Descriptive statistics were used to describe the relative frequency and amounts of post-operative intracranial air in the subdural hematoma cohort. For the different simulated air ambulance cabin pressures, ranges including representative point intervals for starting ICP and intracranial air volumes were chosen to include the observed start intracranial air volumes in the post-craniectomy cohort.
There were 119 patients included in the study, with demographics shown in Table 1. In all these, the SDH was treated operatively with craniectomy (burr hole) or mini-craniotomy and hematoma evacuation. Subdural passive drains are standard during 12–24 h postoperatively. All of these patients received their operation in the same Department. They were all anesthetized using the same neuroanesthesia practice routines, which include using propofol, remifentanil and sevoflurane as anesthetics. No nitrous oxide was administered to these patients.
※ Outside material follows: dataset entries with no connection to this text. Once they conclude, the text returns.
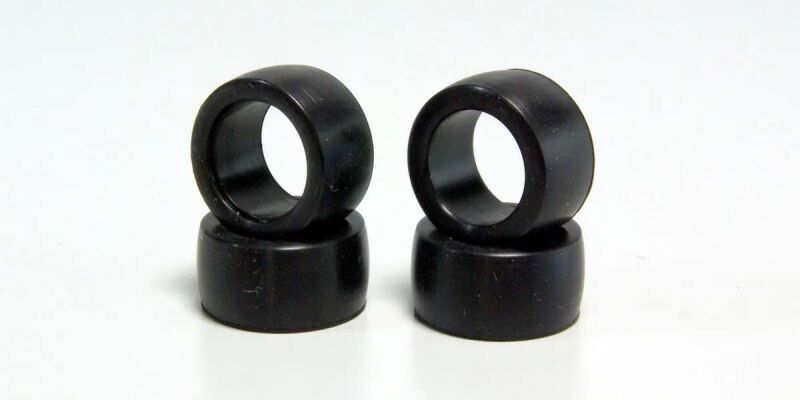 Kyosho Reifen Mini-Z LM High-Grip 20 Shore (4) Breit / K.MZT302-20B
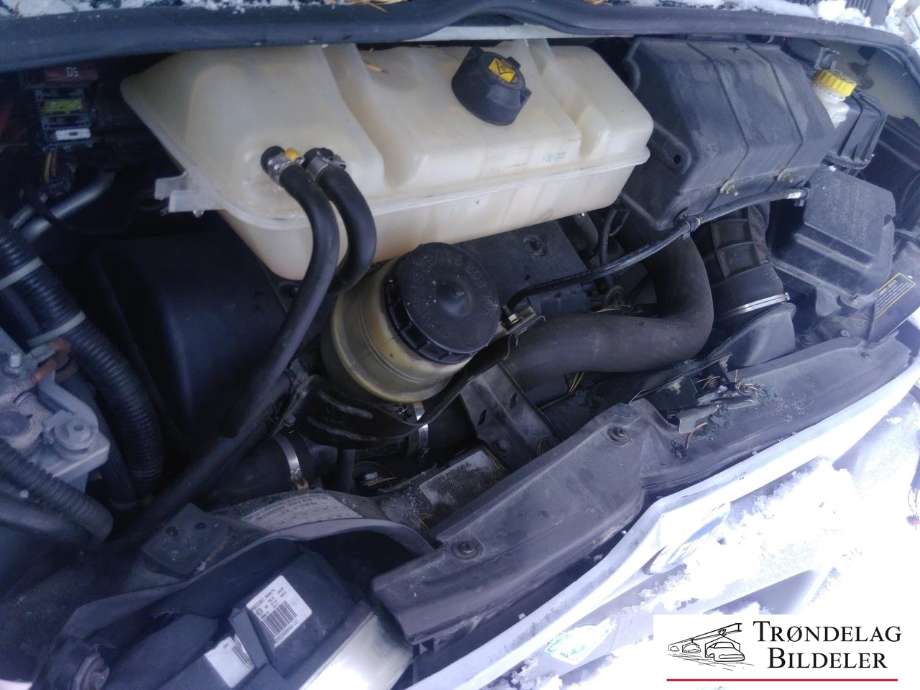 Fiat Ducato 2002-2006 , Motorkode: 8140.43S, Girkassekode: 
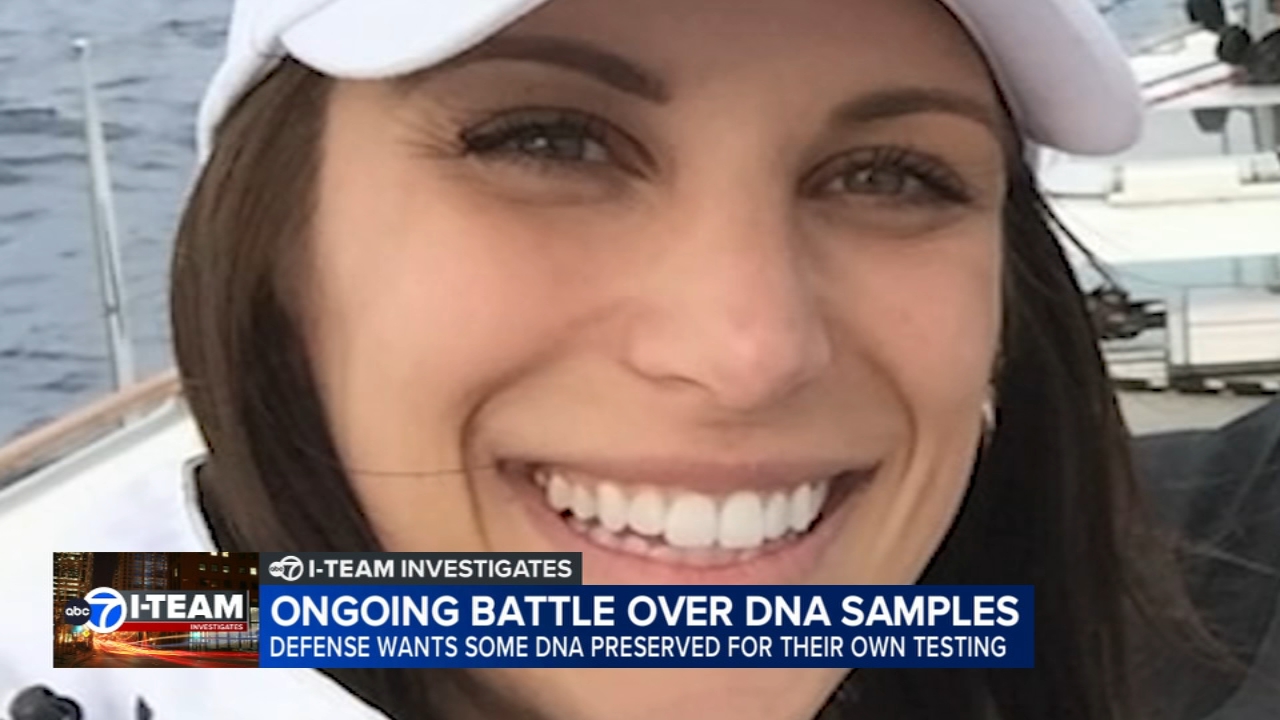 Battle over DNA samples continues in case of former Chicago tax ...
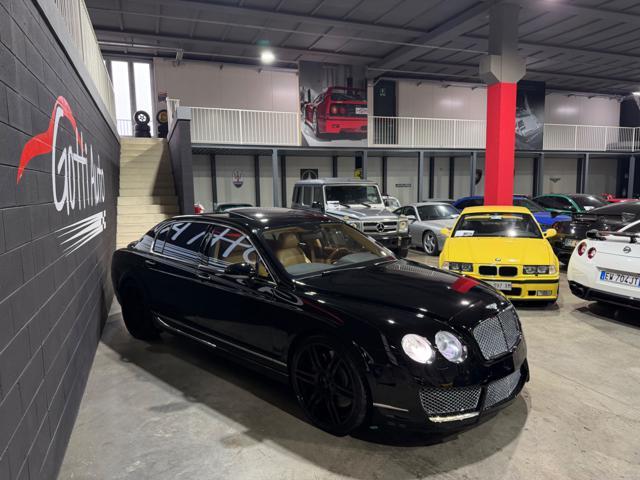 BENTLEY Continental V12 MANSORY FLYING SPUR IVA ESPOSTA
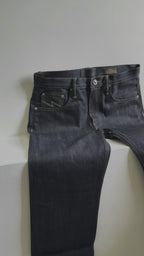 Bobber「B01」13oz KURABO 1888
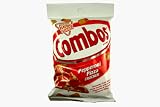 Combos Pepperoni Pizza Cracker Bag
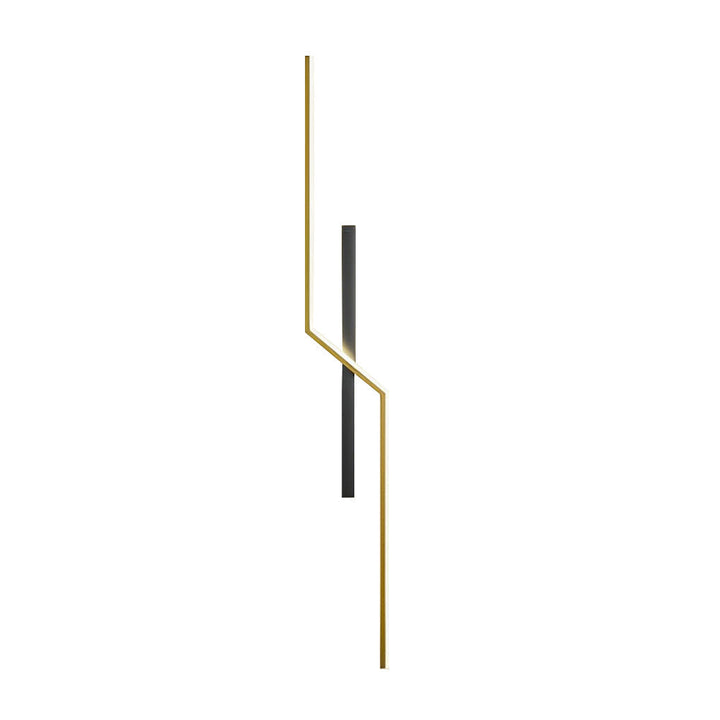 Lines Creative LED Modern Minimalist Wall Lamp Decorative Wall Lights Lighting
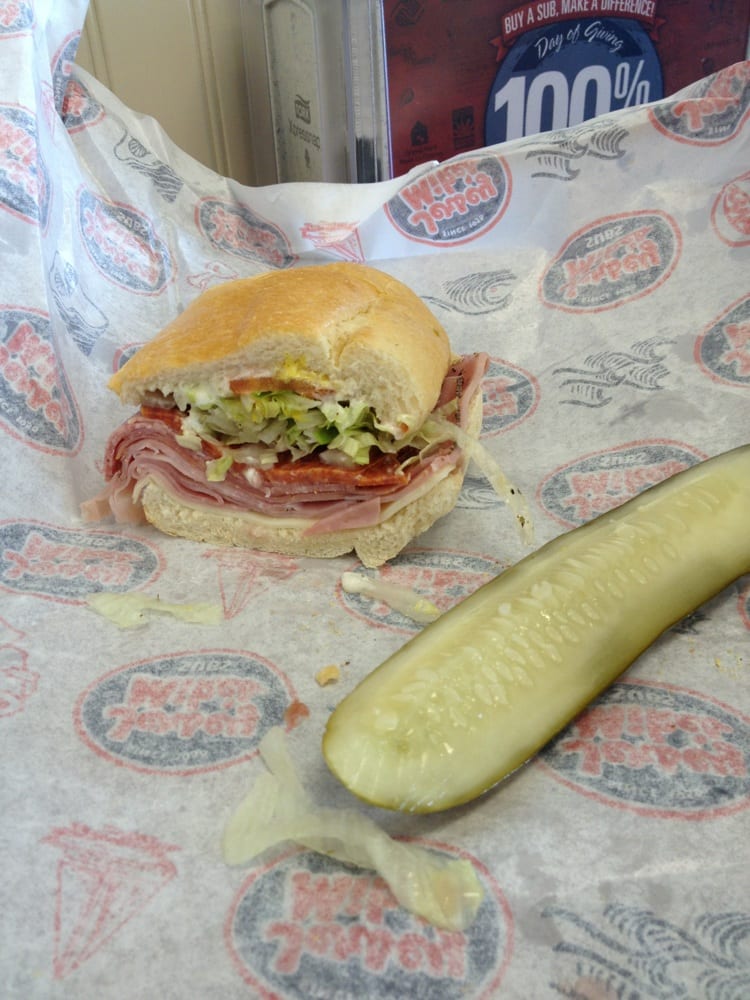 Jersey Mike's Subs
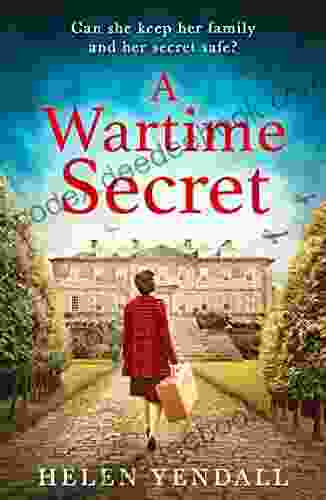A Wartime Secret: Gripping WW2 Historical Fiction For 2024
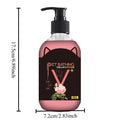 Pet Shampoo Shower Gel – Cat & Dog Deodorizing Hair Care Pet Shampoo Babs Peony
The surgical management after the operation was to close the scalp incision to prevent leakage (or air suction), and the incision area was covered with a bandage, minimizing the risk for any air passage across the incision. The patient was treated without head elevation until the subdural drains were removed and a suture applied to close the skin stoma.
Of the 34 patients that had intracranial air post-operatively, 30 required no post-operative ventilator support. The remaining 4 were transferred from the operating room to the intensive care unit and briefly received ventilator support, though all were discharged from the intensive care within 1 day. These 4 had their post-operative head CT done while on the ventilator. All patients were treated initially after their operation with supplement oxygen, titrated to an oxyhemoglobin saturation of 92–96%.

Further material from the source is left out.